» **Instructions to follow**
A verbatim reproduction of the lines below, from the line containing "Chefs Jordan Pilarski" through the line containing "ART OF PEARLS", both ends included, is the whole required output.

» **Supplied entries**
——————————

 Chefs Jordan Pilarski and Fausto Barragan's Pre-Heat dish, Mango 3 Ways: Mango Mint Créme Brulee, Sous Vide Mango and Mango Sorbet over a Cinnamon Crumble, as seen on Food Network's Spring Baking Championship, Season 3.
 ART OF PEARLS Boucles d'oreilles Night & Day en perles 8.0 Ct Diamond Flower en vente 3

——————————

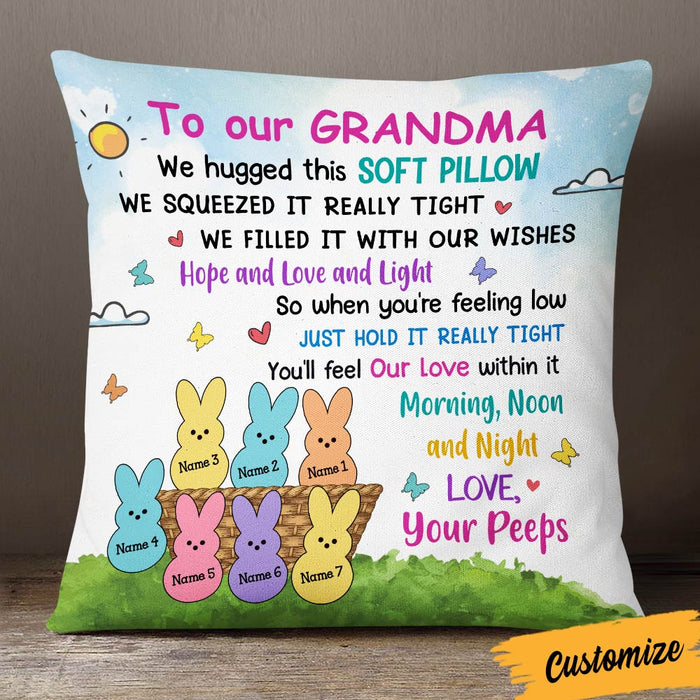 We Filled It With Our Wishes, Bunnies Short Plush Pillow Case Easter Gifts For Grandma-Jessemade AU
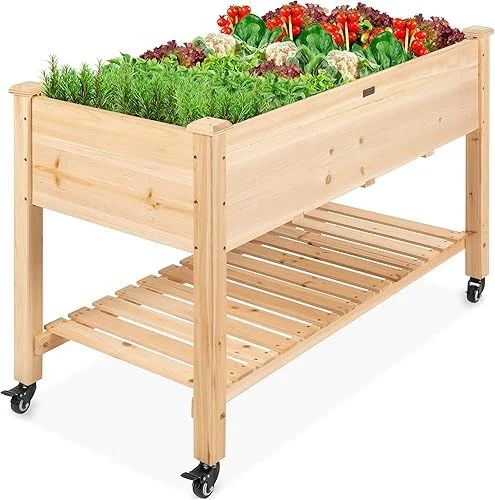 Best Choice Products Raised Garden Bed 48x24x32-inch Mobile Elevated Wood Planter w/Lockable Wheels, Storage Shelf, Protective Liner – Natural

——————————

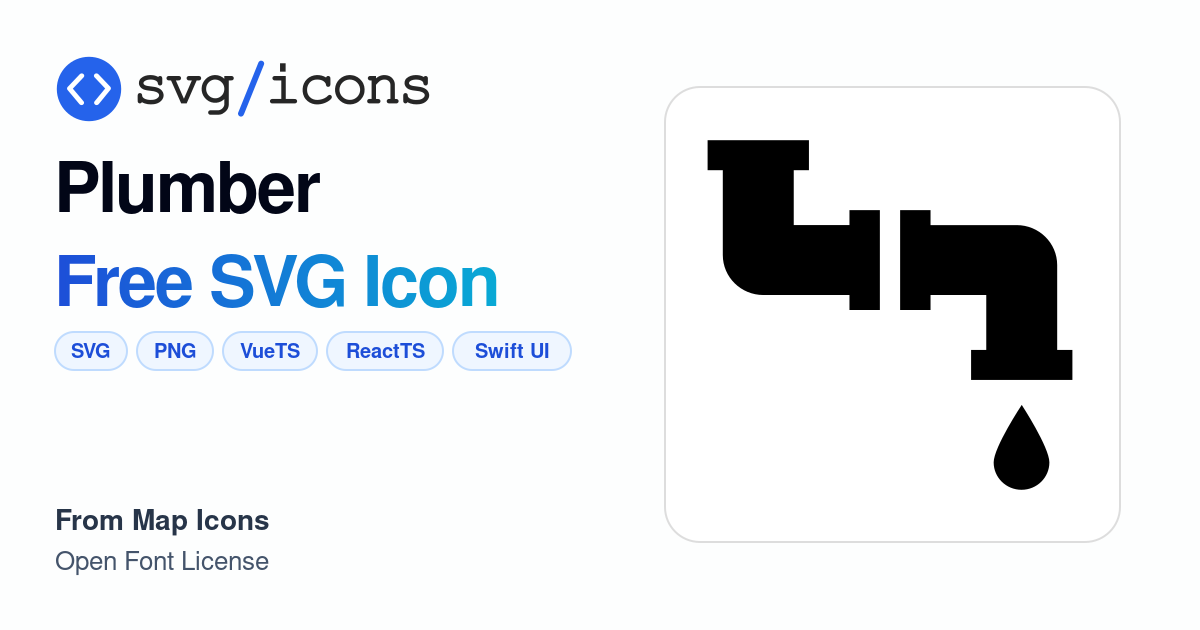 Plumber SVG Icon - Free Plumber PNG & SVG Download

——————————

» **Output for this task**
 Chefs Jordan Pilarski and Fausto Barragan's Pre-Heat dish, Mango 3 Ways: Mango Mint Créme Brulee, Sous Vide Mango and Mango Sorbet over a Cinnamon Crumble, as seen on Food Network's Spring Baking Championship, Season 3.
 ART OF PEARLS Boucles d'oreilles Night & Day en perles 8.0 Ct Diamond Flower en vente 3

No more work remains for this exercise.